Vietnam is currently one of the fastest growing economies in the world, with a record $14.5 billion in foreign investment and GDP growth of 6.7 percent in 2015. However, Bloomberg Business noted: “A cloud over the country’s economic picture is a trade deficit, widening public debt and the government’s failure to meet its goal to privatise 289 state companies last year.”
As a result, the government will be compelled to press ahead with the pro-market agenda demanded by international finance capital. As in the past, it will not hesitate to use police-state measures against any resistance by workers and peasants.
In foreign policy, the government will also continue its balancing act between the United States and China, with an ever-more pronounced shift towards Washington. In 2015 China was the country’s largest trading partner, but the US was the largest destination of exports. Hanoi is hoping that the TPP will provide greater access to the American garment market at the expense of rivals like China and Bangladesh.
The 2014 clash with China over the oil rig marked a turning point in relations. The previous year Chinese Premier Li Keqiang signed an agreement with Vietnam to establish a working party to discuss the joint exploitation of oil, gas and fish stocks in the Gulf of Tonkin. That deal, however, was rendered a dead letter by the bitter dispute the following May.
In December 2014, Vietnam formally supported the legal case initiated by the Philippines in the UN Permanent Court of Arbitration in The Hague to challenge China’s territorial claims in the South China Sea. Dung went much further in stating Vietnam should take its own case against China to the court.
At the same time, Vietnam has been strengthening military ties with the US. Last June, US Secretary of State Ashton Carter signed a Joint Vision Statement with Hanoi that included US training for Vietnamese troops to operate as UN peacekeepers and foreshadowed the co-production of weapons and defence supplies. In October 2014, Washington lifted its ban on the sale of lethal weaponry to Vietnam.

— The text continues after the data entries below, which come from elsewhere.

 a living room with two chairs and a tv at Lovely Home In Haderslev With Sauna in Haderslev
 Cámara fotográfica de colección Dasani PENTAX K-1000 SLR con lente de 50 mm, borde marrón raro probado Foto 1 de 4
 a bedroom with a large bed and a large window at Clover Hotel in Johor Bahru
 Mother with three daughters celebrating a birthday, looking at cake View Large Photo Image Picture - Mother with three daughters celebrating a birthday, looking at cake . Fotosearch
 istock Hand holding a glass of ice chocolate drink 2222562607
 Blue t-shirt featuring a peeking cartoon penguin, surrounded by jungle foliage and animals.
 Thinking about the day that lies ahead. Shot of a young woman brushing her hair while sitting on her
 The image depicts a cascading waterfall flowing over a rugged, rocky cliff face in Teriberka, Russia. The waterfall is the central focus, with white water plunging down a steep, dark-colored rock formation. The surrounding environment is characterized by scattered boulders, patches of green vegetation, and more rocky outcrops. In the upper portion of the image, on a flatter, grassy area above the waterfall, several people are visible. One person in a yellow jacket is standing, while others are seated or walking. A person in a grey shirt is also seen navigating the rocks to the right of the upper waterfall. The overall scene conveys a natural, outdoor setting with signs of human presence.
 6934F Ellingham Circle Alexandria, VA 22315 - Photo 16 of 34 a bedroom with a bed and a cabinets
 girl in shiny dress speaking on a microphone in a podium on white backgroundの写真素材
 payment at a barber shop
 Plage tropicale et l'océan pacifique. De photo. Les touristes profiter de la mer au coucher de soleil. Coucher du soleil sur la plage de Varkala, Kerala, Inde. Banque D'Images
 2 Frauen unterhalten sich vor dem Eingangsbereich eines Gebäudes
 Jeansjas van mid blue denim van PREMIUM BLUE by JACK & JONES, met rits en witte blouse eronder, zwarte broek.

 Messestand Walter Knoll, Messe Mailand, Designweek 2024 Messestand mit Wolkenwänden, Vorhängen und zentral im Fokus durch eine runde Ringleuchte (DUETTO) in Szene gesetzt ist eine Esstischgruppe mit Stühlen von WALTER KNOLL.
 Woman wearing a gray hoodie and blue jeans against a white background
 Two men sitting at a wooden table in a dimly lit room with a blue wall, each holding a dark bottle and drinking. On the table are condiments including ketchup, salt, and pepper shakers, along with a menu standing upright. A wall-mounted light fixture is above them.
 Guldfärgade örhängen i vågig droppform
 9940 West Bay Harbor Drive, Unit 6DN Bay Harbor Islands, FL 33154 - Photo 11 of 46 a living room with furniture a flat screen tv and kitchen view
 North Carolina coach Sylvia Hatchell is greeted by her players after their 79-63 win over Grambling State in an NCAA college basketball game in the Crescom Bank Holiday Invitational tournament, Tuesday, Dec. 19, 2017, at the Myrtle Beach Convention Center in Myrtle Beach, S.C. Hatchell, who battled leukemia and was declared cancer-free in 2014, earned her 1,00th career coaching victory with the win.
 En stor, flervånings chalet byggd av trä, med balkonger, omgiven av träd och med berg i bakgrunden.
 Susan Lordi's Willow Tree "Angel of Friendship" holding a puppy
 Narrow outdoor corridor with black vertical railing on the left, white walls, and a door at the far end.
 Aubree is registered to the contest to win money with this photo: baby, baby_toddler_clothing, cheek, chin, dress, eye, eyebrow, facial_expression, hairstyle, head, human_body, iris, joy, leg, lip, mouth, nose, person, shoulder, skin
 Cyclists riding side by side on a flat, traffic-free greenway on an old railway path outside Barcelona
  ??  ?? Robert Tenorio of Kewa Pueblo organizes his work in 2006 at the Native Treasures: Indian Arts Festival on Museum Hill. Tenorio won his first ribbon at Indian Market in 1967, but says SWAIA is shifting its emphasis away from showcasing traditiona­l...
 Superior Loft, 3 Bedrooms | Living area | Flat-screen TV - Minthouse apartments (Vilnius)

Carter also pledged to provide $18 million to Vietnam to facilitate the purchase of two US patrol boats. He pointedly made this announcement after touring the Vietnamese coast guard vessel that, according to Hanoi, had been rammed by a Chinese navy ship during the confrontations over the oil rig.
While General Secretary Trong may be more cautious than his rival Dung about a whole-hearted embrace of US imperialism, his trip to Washington last July indicates his support for growing ties. He was welcomed in the White House by Obama, who normally hosts only presidents and prime ministers rather than party leaders, for discussions on the TPP and South China Sea disputes. In 2015, eight of the 16 Politburo members, including National Assembly Chairman Nguyen Sinh Hung and Public Security Minister Tran Dai Quang visited Washington for talks with high-level US officials.
At the same time, Hanoi is attempting to maintain relations with China. Last December, National Assembly Chairman Nguyen Sinh Hung, deputy chairman Huynh Ngoc Son and other central committee members visited Beijing for five days of talks with senior Chinese leaders, including President Xi Jinping.
Relations with China, however, remain tense. Last month, in the lead-up to the Congress, Vietnam issued sharp protests against several Chinese actions in the South China Sea. In early January, Hanoi joined the US, Japan and the Philippines in a chorus of condemnation over the landing of a Chinese civilian aircraft on Fiery Cross Reef, a Chinese-administered islet. On January 20, the government protested over the presence in disputed waters of the Chinese oil rig that was involved in the 2014 clashes.